The most peculiar challenge of translating this story was how to render, graphically, the effects of the stroke on the main characters’ speech. The specific impairment that affects Lenzi, dysarthria, weakens the muscles used to produce speech, which becomes slurred. In the case of Golisch, as a result of the stroke he loses his ability to speak Italian, but his mother tongue, German, resurfaces in compensation, to the point that he has to relearn to speak Italian, and when he does, it is with a German accent. It is helpful to remember that illness—physical and mental—features prominently in much of Pirandello’s production, and that its depiction is never approximate; thus, reproducing the two men’s impaired speech in a realistic way was crucial not only out of fidelity towards the spirit of Pirandello’s story, but also out of respect for the specific medical condition. Failure to do so would have turned compassion into derision. I am grateful for the expertise of Mary Pitti, Clinical Associate Professor in the Department of Speech-Language Pathology and Audiology at Ithaca College, who helped me identify which specific letters and sounds, in English, are affected by dysarthria, and brainstormed with me how to convey them in writing. I am also indebted to James Harker, of the Language and Thinking Program Coordinator at Bard College Berlin, for humoring me when I pestered him with questions on how to respectfully render a German accent in English.  

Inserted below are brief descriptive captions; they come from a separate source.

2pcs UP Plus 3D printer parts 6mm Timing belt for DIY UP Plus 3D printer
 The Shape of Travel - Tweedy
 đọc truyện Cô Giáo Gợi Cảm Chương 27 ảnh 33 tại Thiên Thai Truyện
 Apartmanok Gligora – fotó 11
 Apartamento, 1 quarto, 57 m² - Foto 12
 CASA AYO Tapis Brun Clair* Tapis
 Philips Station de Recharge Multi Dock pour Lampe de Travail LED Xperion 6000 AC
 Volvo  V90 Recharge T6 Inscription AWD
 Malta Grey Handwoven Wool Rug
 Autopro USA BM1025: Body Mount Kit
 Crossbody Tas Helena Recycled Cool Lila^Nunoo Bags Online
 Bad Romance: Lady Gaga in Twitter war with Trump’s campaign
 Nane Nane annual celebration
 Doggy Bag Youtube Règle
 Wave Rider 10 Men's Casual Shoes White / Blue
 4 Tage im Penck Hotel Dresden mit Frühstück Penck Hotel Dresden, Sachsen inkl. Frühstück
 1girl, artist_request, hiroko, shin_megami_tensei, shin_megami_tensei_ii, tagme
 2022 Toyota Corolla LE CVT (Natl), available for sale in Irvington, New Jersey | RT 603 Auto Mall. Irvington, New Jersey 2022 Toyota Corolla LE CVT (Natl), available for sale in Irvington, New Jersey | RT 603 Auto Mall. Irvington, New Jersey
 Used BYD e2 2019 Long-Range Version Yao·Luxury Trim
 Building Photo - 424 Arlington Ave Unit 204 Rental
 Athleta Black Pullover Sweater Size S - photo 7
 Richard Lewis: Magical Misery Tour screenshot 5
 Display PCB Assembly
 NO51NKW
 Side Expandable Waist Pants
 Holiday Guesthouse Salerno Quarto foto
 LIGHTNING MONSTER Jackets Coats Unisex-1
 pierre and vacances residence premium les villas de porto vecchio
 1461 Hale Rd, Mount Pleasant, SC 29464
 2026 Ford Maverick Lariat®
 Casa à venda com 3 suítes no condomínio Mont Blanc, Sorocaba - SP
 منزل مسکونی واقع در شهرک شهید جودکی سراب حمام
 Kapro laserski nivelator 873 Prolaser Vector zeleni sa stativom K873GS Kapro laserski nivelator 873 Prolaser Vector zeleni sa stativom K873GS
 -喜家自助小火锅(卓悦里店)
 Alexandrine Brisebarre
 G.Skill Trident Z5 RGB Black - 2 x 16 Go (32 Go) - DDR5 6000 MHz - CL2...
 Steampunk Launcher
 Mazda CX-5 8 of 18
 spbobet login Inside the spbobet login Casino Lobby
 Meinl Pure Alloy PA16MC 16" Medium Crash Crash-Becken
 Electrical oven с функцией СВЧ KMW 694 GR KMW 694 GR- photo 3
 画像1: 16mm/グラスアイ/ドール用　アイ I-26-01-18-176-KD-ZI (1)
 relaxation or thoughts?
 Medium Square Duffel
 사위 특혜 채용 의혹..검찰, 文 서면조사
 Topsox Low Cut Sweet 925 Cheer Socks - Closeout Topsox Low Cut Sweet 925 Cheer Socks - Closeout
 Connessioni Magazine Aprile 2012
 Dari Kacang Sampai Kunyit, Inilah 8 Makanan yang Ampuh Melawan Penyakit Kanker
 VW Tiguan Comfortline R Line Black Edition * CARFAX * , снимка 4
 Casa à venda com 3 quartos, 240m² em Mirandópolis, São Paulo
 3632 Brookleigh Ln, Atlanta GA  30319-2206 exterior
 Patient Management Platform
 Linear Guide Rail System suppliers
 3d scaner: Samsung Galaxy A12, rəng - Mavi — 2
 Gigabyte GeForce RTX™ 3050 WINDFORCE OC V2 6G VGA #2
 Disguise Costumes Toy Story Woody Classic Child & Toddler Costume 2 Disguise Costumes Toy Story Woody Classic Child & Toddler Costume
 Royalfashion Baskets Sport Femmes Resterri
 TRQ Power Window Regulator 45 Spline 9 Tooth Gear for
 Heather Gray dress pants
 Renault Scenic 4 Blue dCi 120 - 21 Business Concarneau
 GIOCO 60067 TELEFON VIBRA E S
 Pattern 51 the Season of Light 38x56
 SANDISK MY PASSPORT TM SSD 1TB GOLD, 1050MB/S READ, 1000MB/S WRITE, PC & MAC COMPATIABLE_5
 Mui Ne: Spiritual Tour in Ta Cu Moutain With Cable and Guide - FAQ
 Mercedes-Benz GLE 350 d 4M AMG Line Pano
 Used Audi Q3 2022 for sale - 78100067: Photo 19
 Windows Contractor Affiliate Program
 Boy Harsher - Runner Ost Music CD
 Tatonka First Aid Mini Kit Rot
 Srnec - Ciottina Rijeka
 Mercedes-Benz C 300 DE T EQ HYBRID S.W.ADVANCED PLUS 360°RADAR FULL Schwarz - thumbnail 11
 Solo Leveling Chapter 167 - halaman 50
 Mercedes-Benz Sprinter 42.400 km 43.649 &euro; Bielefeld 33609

This story exemplifies Pirandello’s humor, which he defined as a “certain perplexity between weeping and laughing.” “My art is full of bitter compassion for all those who fool themselves,” he wrote in 1912-13, “but this compassion cannot help but be succeeded by the ferocious derision of a destiny that condemns man to deception.” Already the title is, in typical Pirandellian fashion, chillingly humorous: “La toccatina” refers to the playful touch of death which turns first Lenzi, then Golisch, into grotesque masks of themselves. Musical terminology traditionally carries over unmodified from Italian into English, therefore the Italian title could have been maintained. However, the specific qualities of the composition and of the term itself would have been lost to readers not familiar with the field of music or with the Italian language: a short virtuoso piece, a toccatina can serve as a warm-up for a longer composition, in a similar way as the stroke suffered by the two friends is death’s way of warming up before dealing the final blow. Furthermore, while the element of tocco, touch, is immediately visible in Italian, the association between toccatina and touch would not be so obvious. For these reasons, a more suitable solution was to opt for a title that, though moving away from musical semantics, still conveyed, through the repetition of “tap tap,” the spirited, magician-like ability of death.